Ignorando principalmente características exploradas no longa original, dessa vez o cinzento Tronco (voz de Hugo Bonemer, na versão brasileira, e de Justin Timberlake, em inglês) deixa de ser resmungão e silencioso para revelar que, ainda na infância, teria feito parte de uma banda ao lado dos irmãos. Após uma crise entre eles, a BroZone deixa de existir e cada um dos membros resolve seguir seu caminho de forma independente, sem mais contato com os familiares. A situação muda, anos depois, quando o mais velho da turma, John Dory (o comediante Eric André) ressurge com um problema grave: Floyd (o cantor Troye Sivan) foi sequestrado por uma dupla de farsantes que querem sugar todo o seu talento para usá-lo em benefício próprio. A única maneira de salvá-lo é atingindo a “harmonia perfeita”, e essa só pode ser alcançada... através da voz de todos em conjunto! A partir desse ponto, o que se tem, portanto, é um filme de estrada, com Tronco e a namorada, a rainha Poppy (Julie, no Brasil, e Anna Kendrick, nos Estados Unidos), seguidos pelos irmãos que vão sendo incorporados um a um, reunidos em uma missão de resgate.
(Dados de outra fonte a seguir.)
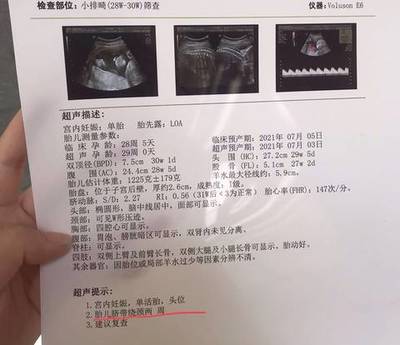怀孕36周脐带绕颈两周怎么办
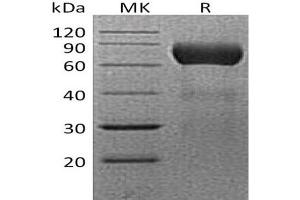 Western Blotting (WB) image for Ectonucleoside Triphosphate diphosphohydrolase 2 (ENTPD2) protein (His tag) (ABIN7320836)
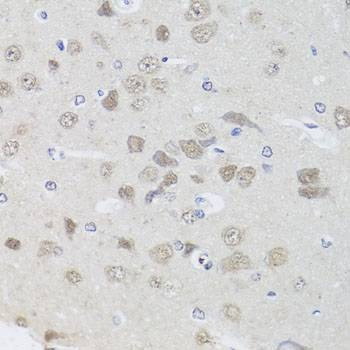 Anti-PPP1CC Antibody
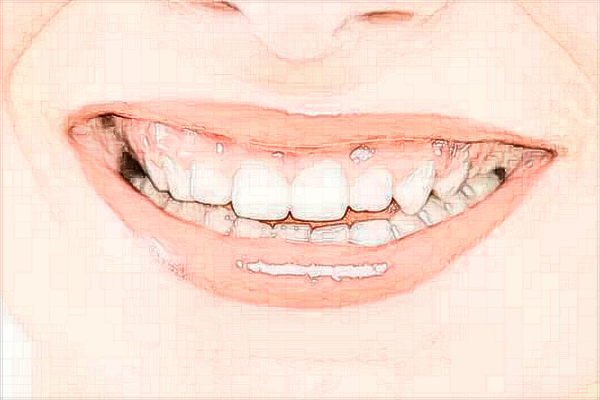 寧波市第一醫(yī)院牙齒矯正怎么樣、醫(yī)生做的好不好?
Os personagens mais interessantes de Trolls 3: Juntos Novamente, no entanto, não são os pequenos trolls, nem seus amigos – e pouco tempo atrás, inimigos – berguens (ogros horrorosos mas, pelo jeito, simpáticos, na mesma linha do Shrek), ou figuras recém-chegadas, como a irmã perdida de Poppy, Viva (Camila Cabello lá, Larissa Manoela aqui), que surgem apenas para pontuar a trama no seu desenrolar, porém sem agregar nada de relevante ao conjunto. Quem de fato se mostra digno de atenção são os irmãos Veludo e Cotelê (Amy Schumer e Andrew Rannells), uma alusão nem um pouco disfarçada à dupla Milli Vanilli, que no final dos anos 1980 escalaram rapidamente as paradas de sucessos e conquistaram fãs ao redor do mundo – e um Grammy – até serem desmascarados como farsantes, pois não cantavam, apenas dublando em suas apresentações. Entre os dois há um duelo entre ganância (a garota) e insegurança (o rapaz), entre ambição e imoralidade, que poderia ter sido melhor explorado. Não apenas para entender as motivações por trás de seus atos (do jeito que está, são pouco mais do que crianças mimadas e birrentas), mas também para fazer destes vilões seres mais universais e, assim, identificáveis pela audiência.

Bom, mas não é esse o interesse dos diretores Walt Dohrn e Tim Heitz. Os dois estão envolvidos com esse projeto desde o início da saga – Dohrn codirigiu os dois primeiros longas, e Heitz começou sua ligação com esse universo a partir do especial televisivo Trolls Holiday in Harmony (2021) – e há evidentes sinais de fadiga nessa nova abordagem, não apenas pelo uso de velhas fórmulas (como o espaço dado ao Troll Diamante e seu filho-bebê, uma piada reciclada) como também nas tentativas frustradas em gerar novas dinâmicas – os irmãos que reaparecem sem maiores explicações, as ameaças que rapidamente se mostram como parte da família etc. Há caminhos que chegam a ser desenhados e, caso houvesse tido a opção de percorrê-los, é possível que o resultado fosse mais excitante. O parque de horrores comandado por Viva, ou essa raça representada por Veludo e Cotelê, são alguns dos exemplos. Mas quando nem mesmo a relação entre os protagonistas parece ganhar espaço suficiente para atingir a complexidade vista em outras incursões, como esperar que tramas paralelas adquiram o profundidade merecida?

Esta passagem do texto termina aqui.